Your objective: Your answer should repeat exactly the lines from the one holding "Now how this" through the end of the data, and it should contain no pictures.

Information shown:
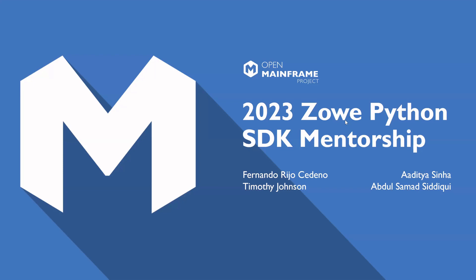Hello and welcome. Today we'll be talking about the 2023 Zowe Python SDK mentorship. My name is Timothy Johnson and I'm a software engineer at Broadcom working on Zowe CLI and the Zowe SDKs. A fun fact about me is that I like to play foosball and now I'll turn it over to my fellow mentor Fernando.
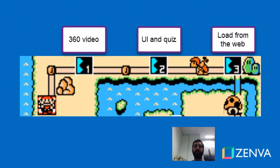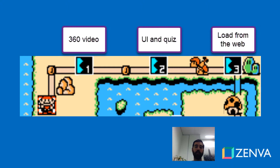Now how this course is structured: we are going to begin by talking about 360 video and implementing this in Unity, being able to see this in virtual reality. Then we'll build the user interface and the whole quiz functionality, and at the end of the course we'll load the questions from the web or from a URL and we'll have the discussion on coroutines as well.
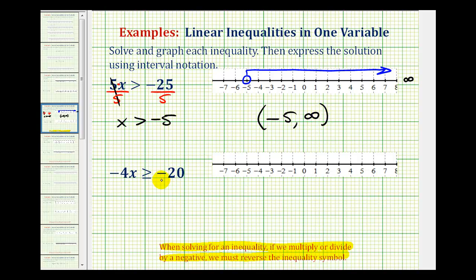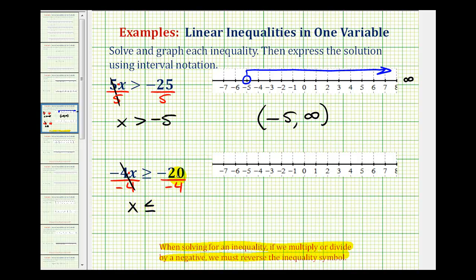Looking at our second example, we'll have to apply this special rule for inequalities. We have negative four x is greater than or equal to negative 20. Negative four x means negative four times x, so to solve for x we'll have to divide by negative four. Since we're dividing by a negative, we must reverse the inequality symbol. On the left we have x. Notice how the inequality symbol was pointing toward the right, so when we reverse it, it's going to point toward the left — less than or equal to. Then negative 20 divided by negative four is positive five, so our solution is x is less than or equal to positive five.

Finished task:
Now how this course is structured: we are going to begin by talking about 360 video and implementing this in Unity, being able to see this in virtual reality. Then we'll build the user interface and the whole quiz functionality, and at the end of the course we'll load the questions from the web or from a URL and we'll have the discussion on coroutines as well.
Looking at our second example, we'll have to apply this special rule for inequalities. We have negative four x is greater than or equal to negative 20. Negative four x means negative four times x, so to solve for x we'll have to divide by negative four. Since we're dividing by a negative, we must reverse the inequality symbol. On the left we have x. Notice how the inequality symbol was pointing toward the right, so when we reverse it, it's going to point toward the left — less than or equal to. Then negative 20 divided by negative four is positive five, so our solution is x is less than or equal to positive five.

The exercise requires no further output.